= About this task =
Only the pictures are to be omitted; every entry beneath should otherwise be duplicated exactly.

^^^^^^^^^^^^^^^^

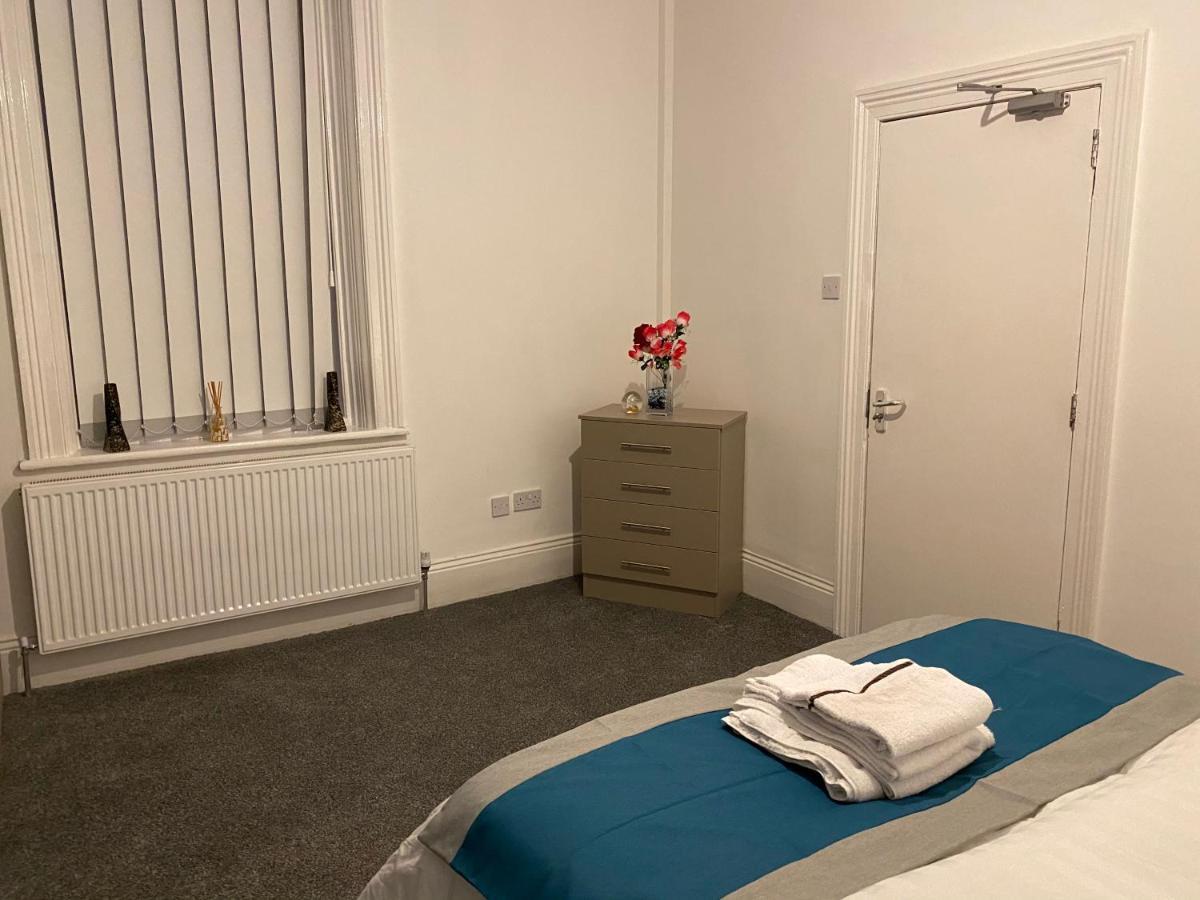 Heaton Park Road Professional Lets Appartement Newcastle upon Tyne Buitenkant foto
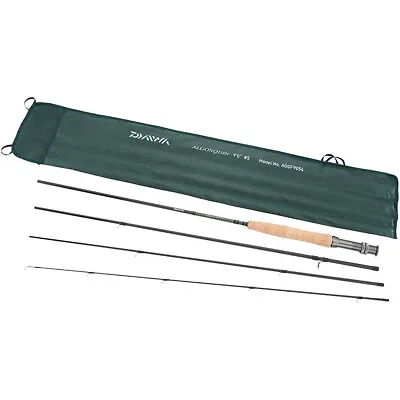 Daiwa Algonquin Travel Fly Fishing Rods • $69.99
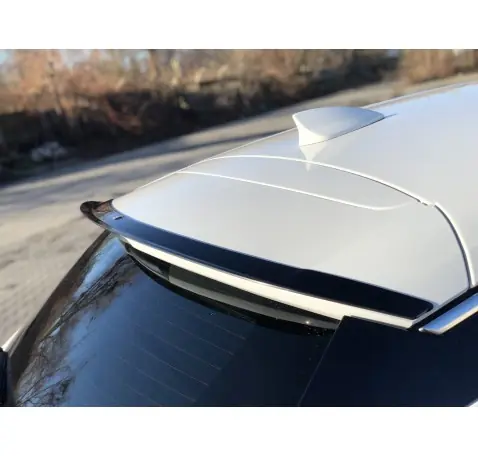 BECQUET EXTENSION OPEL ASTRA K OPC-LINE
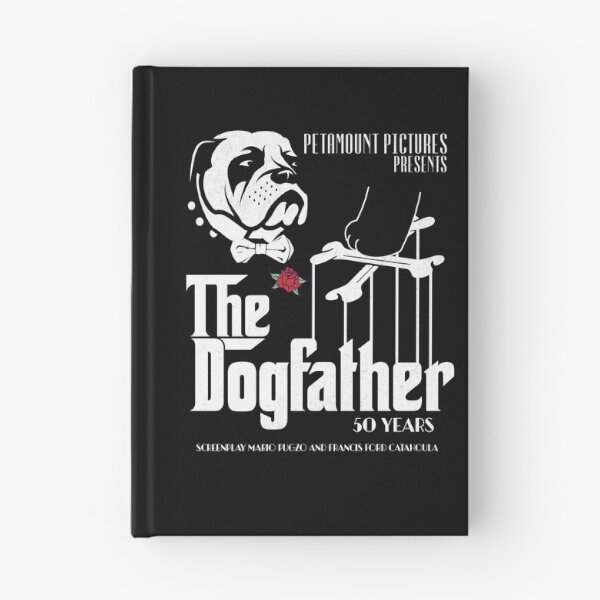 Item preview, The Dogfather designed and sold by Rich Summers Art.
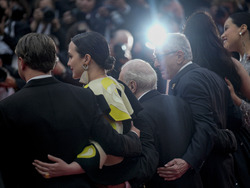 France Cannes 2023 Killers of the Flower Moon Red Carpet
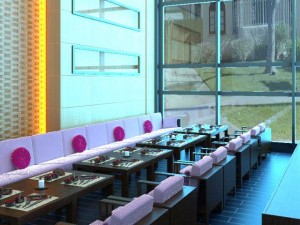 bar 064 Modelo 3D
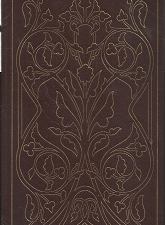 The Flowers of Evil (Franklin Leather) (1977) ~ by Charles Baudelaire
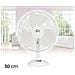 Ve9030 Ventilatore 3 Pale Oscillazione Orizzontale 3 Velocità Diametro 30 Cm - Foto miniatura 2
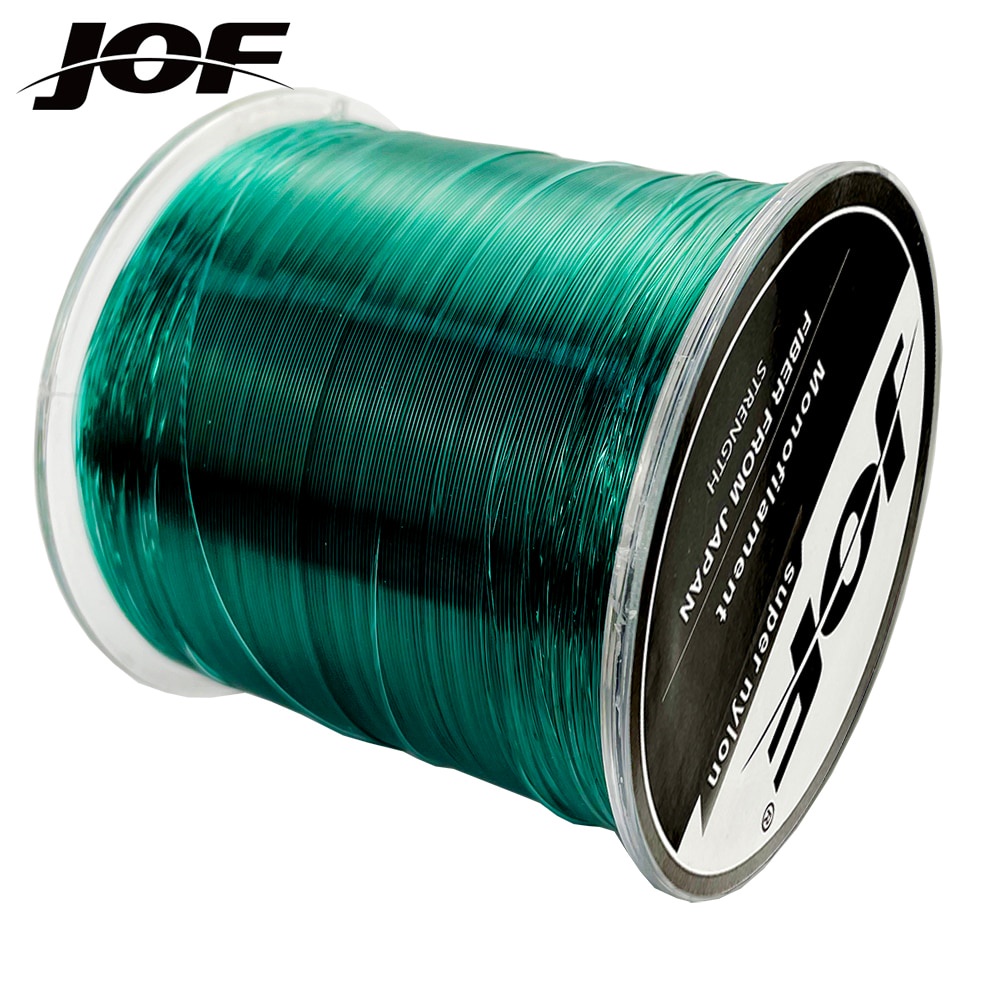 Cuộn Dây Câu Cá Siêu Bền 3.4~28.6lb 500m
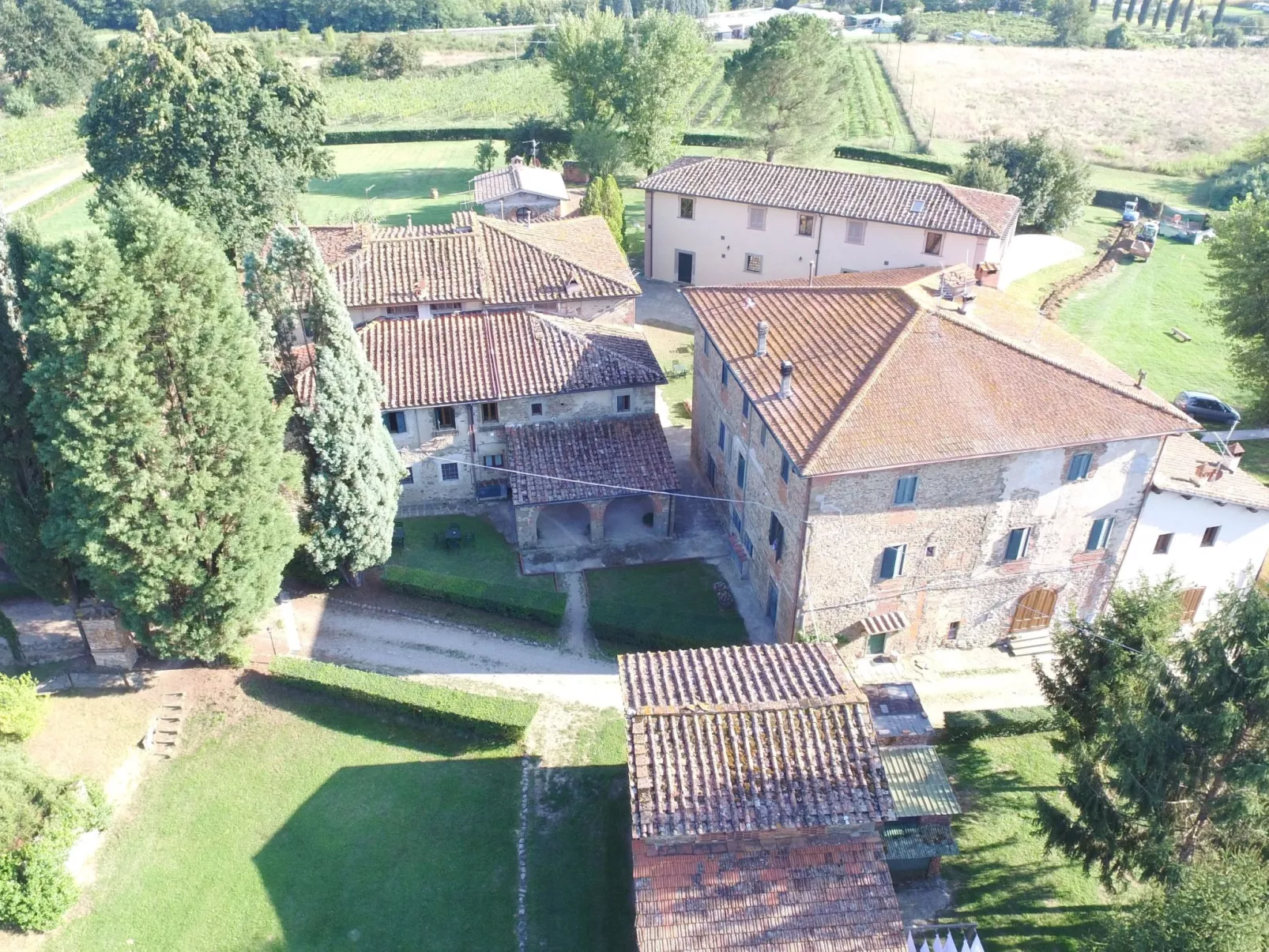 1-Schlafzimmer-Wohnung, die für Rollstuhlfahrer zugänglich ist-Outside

^^^^^^^^^^^^^^^^

= Your solution =
 Heaton Park Road Professional Lets Appartement Newcastle upon Tyne Buitenkant foto
 Daiwa Algonquin Travel Fly Fishing Rods • $69.99
 BECQUET EXTENSION OPEL ASTRA K OPC-LINE
 Item preview, The Dogfather designed and sold by Rich Summers Art.
 France Cannes 2023 Killers of the Flower Moon Red Carpet
 bar 064 Modelo 3D
 The Flowers of Evil (Franklin Leather) (1977) ~ by Charles Baudelaire
 Ve9030 Ventilatore 3 Pale Oscillazione Orizzontale 3 Velocità Diametro 30 Cm - Foto miniatura 2
 Cuộn Dây Câu Cá Siêu Bền 3.4~28.6lb 500m
 1-Schlafzimmer-Wohnung, die für Rollstuhlfahrer zugänglich ist-Outside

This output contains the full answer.